Municipality in Belgrade, Serbia

Zvezdara (Звездара, /sh/) is a municipality of the city of Belgrade. The municipality is geographically hilly and with many forests. According to the 2022 census results, the municipality has a population of 172,625 inhabitants.

The municipality of Zvezdara is located east of Belgrade and occupied almost the entire eastern urban section of the city. It borders the municipalities of Palilula on the north-west, north and north-east, Grocka on the east and south-east, Voždovac on the south and south-west and Vračar on the west.

==History==
Historically, Zvezdara hill was known as Great Vračar. Vračаr area at that time occupied much wider area that it does today and was divided into West Vračar, East Vračar and Great Vračar. Turkish source from 1621 describes it as "a hill and a big field". In the 17th and 18th century, the area was covered in vineyards, orchards and lush oriental gardens, a major excursion ground for the wealthy Belgrade Turks which called the hill Ekmekluk (Turkish ekmek, meaning bread) and built their summer houses there. The Ekmekluk occupied the slope which today spreads from the observatory to the Cvetko Market.

When Belgrade was occupied in 1717 by Austria, a defense moat was built whose outer section crossed the hill, where the modern Volgina street is today. After Austria re-occupied Belgrade in 1789, the trench was reconstructed by the general Ernst Gideon von Laudon and became known as the "Laudan trench" (Serbian: Laudanov šanac or simply Šanac). Due to the military importance of the hill, its gardens were neglected.
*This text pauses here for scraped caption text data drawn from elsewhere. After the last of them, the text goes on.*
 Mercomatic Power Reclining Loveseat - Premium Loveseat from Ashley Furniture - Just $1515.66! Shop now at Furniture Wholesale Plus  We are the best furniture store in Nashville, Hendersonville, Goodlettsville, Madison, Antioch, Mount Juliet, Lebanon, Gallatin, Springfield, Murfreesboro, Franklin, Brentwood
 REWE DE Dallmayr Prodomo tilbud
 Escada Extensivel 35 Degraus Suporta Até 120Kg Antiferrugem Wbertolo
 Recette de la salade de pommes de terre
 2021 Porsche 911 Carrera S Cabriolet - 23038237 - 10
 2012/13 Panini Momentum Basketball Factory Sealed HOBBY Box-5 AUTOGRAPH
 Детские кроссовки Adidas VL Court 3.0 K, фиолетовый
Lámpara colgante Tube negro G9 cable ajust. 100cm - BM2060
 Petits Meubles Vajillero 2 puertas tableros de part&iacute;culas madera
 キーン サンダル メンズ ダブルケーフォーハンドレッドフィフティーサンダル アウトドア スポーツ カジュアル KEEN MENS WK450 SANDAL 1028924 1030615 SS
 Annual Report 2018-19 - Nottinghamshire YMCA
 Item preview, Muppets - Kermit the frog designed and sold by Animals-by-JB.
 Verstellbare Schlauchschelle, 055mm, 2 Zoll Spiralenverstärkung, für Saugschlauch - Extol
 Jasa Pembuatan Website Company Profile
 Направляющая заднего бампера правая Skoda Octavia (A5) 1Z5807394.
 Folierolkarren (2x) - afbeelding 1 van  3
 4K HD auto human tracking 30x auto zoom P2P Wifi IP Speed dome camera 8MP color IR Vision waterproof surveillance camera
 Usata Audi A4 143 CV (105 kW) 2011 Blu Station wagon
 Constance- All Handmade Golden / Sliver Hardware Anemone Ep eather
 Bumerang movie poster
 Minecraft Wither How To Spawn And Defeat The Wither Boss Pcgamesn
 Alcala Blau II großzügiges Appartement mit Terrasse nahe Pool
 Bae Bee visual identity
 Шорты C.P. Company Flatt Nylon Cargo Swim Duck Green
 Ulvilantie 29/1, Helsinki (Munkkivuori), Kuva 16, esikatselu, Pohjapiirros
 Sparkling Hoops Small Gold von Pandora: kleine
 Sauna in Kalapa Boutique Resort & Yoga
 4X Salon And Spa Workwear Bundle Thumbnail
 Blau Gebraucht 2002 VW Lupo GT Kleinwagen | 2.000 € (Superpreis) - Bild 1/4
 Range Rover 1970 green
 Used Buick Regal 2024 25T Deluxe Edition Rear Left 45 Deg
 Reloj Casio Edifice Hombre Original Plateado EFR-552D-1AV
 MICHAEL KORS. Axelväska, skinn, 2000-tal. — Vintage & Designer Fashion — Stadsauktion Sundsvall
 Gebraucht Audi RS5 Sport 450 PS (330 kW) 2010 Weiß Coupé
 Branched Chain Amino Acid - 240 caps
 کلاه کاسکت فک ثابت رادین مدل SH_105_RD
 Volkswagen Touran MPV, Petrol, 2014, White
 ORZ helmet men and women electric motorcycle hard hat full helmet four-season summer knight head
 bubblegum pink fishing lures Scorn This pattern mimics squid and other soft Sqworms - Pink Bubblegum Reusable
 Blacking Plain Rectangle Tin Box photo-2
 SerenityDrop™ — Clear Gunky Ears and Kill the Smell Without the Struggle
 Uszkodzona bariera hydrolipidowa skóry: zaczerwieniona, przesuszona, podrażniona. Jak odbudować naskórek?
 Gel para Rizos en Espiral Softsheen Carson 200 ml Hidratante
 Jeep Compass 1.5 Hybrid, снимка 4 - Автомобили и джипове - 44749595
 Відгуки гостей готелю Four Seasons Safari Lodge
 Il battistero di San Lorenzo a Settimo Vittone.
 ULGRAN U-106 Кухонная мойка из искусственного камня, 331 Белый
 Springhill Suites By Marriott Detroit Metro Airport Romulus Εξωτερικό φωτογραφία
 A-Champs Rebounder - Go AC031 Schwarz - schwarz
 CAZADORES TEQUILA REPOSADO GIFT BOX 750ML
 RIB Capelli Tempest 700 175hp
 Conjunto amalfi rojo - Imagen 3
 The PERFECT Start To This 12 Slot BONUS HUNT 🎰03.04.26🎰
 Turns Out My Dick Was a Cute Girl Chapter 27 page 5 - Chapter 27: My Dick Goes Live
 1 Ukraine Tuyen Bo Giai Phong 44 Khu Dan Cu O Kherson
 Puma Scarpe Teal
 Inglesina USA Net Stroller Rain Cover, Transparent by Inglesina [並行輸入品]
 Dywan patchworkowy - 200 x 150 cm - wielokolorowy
Until the 1930s, the Zvezdara hill was known as Veliki Vračar (Great Vračar). In the 19th century the foothills were not urbanized and, being far from the city center, were used by the Belgraders as a resort and picnic area, named Baba Ružin kraj ("Grandma Ruža's neighborhood"). In 1929-32 an observatory designed by Czech-born architect Jan Dubový (1892–1969) was built on top of the hill. The observatory was originally called zvezdara ("star-house") in Serbian, so the hill and the developing suburban area of Belgrade around it was named that way soon. In time, Latinism opservatorija replaced zvezdara, which in turn completely disappeared from spoken language as such, but remained as a name of Belgrade's neighborhood. As a result, many today believe Zvezdara was named that way simply after stars (Serbian zvezda, star). In 1935 the Clinical Center (KBC) Zvezdara was built as a bequest by wealthy Serbian merchant Nikola Spasić. The area was rich in water, originally used for city waterworks. Several public drinking fountains were built (like Pasha's fountain, dating from the First Serbian Uprising, in modern Živka Davidovića street or the Fountain of the third-class reservists, for the killed soldiers of the World War I. near KBC Zvezdara).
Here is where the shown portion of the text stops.